Create all/train/test entity sets:
import featuretools as ft
data = ft.demo.load_mock_customer(n_customers=3, n_sessions=15)
df_sessions = data['sessions']
# Create all/train/test entity sets.
all_es = ft.EntitySet(id='sessions')
train_es = ft.EntitySet(id='sessions')
test_es = ft.EntitySet(id='sessions')
all_es = all_es.entity_from_dataframe(
entity_id='sessions',
dataframe=df_sessions, # all sessions
index='session_id',
time_index='session_start',
)
train_es = train_es.entity_from_dataframe(
entity_id='sessions',
dataframe=df_sessions.iloc[:10], # first 10 sessions
index='session_id',
time_index='session_start',
)
test_es = test_es.entity_from_dataframe(
entity_id='sessions',
dataframe=df_sessions.iloc[10:], # last 5 sessions
index='session_id',
time_index='session_start',
)
# Normalise customer entities so we can group by customers.
all_es = all_es.normalize_entity(base_entity_id='sessions',
new_entity_id='customers',
index='customer_id')
train_es = train_es.normalize_entity(base_entity_id='sessions',
new_entity_id='customers',
index='customer_id')
test_es = test_es.normalize_entity(base_entity_id='sessions',
new_entity_id='customers',
index='customer_id')
Set cutoff_time
since we are dealing with data with timestamps:
cutoff_time = (df_sessions
.filter(['session_id', 'session_start'])
.rename(columns={'session_id': 'instance_id',
'session_start': 'time'}))
Calculate feature matrix for all data:
feature_matrix, features_defs = ft.dfs(entityset=all_es,
cutoff_time=cutoff_time,
target_entity='sessions')
display(feature_matrix.filter(['customer_id', 'customers.COUNT(sessions)']))
session_id | customer_id | customers.COUNT(sessions) |
---|---|---|
1 | 3 | 1 |
2 | 3 | 2 |
3 | 1 | 1 |
4 | 2 | 1 |
5 | 2 | 2 |
6 | 2 | 3 |
7 | 2 | 4 |
8 | 1 | 2 |
9 | 2 | 5 |
10 | 1 | 3 |
11 | 1 | 4 |
12 | 2 | 6 |
13 | 3 | 3 |
14 | 1 | 5 |
15 | 3 | 4 |
Calculate feature matrix for train data:
feature_matrix, features_defs = ft.dfs(entityset=train_es,
cutoff_time=cutoff_time.iloc[:10],
target_entity='sessions')
display(feature_matrix.filter(['customer_id', 'customers.COUNT(sessions)']))

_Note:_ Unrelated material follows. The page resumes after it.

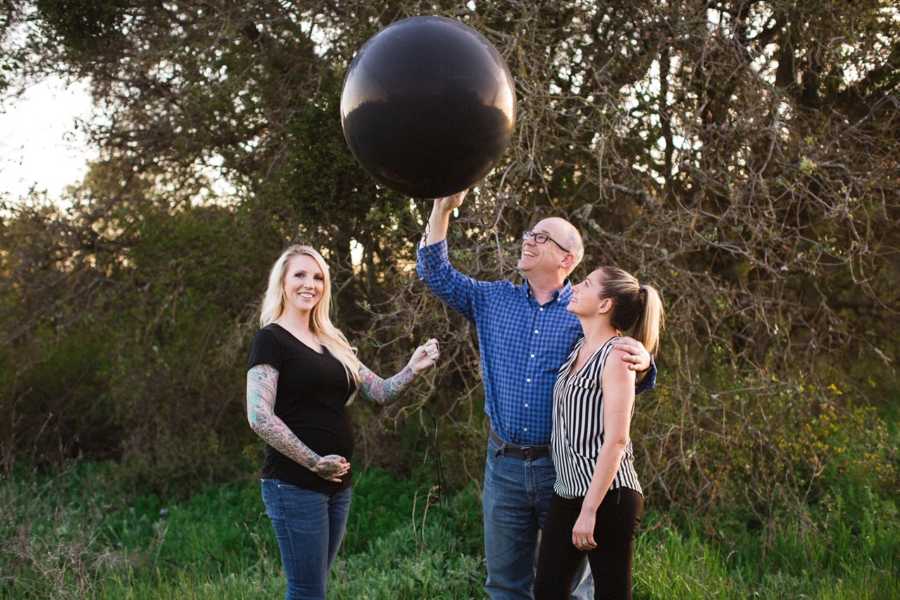 Surrogate stands outside holding stomach while parents of child stands arm in arm looking up at black balloon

session_id | customer_id | customers.COUNT(sessions) |
---|---|---|
1 | 3 | 1 |
2 | 3 | 2 |
3 | 1 | 1 |
4 | 2 | 1 |
5 | 2 | 2 |
6 | 2 | 3 |
7 | 2 | 4 |
8 | 1 | 2 |
9 | 2 | 5 |
10 | 1 | 3 |
Calculate feature matrix for test data (using method shown in "Feature Matrix for New Data" on the Featuretools Deployment page):
feature_matrix = ft.calculate_feature_matrix(features=features_defs,
entityset=test_es,
cutoff_time=cutoff_time.iloc[10:])
display(feature_matrix.filter(['customer_id', 'customers.COUNT(sessions)']))
session_id | customer_id | customers.COUNT(sessions) |
---|---|---|
11 | 1 | 1 |
12 | 2 | 1 |
13 | 3 | 1 |
14 | 1 | 2 |
15 | 3 | 2 |
As you can see, the feature matrix generated from train_es
matches the first 10 rows of the feature matrix generated from all_es
. However, the feature matrix generated from test_es
doesn't match the corresponding rows from the feature matrix generated from all_es
.
You can control which instances you want to generate features for with the cutoff_time
dataframe (or the instance_ids
argument in DFS if the cutoff time is a single datetime). Featuretools will only generate features for instances whose IDs are in the cutoff time dataframe and will ignore all others:
feature_matrix, features_defs = ft.dfs(entityset=all_es,
cutoff_time=cutoff_time[10:],
target_entity='sessions')
display(feature_matrix.filter(['customer_id', 'customers.COUNT(sessions)']))
customer_id | customers.COUNT(sessions) | session_id |
---|---|---|
1 | 4 | |
2 | 6 | |
3 | 3 | |
1 | 5 | |
3 | 4 |
The method in "Feature Matrix for New Data" is useful when you want to calculate the same features but on entirely new data. All the same features will be created, but data isn't shared between the entitysets. That doesn't work in this case, since the goal is to use all the data but only generate features for certain instances.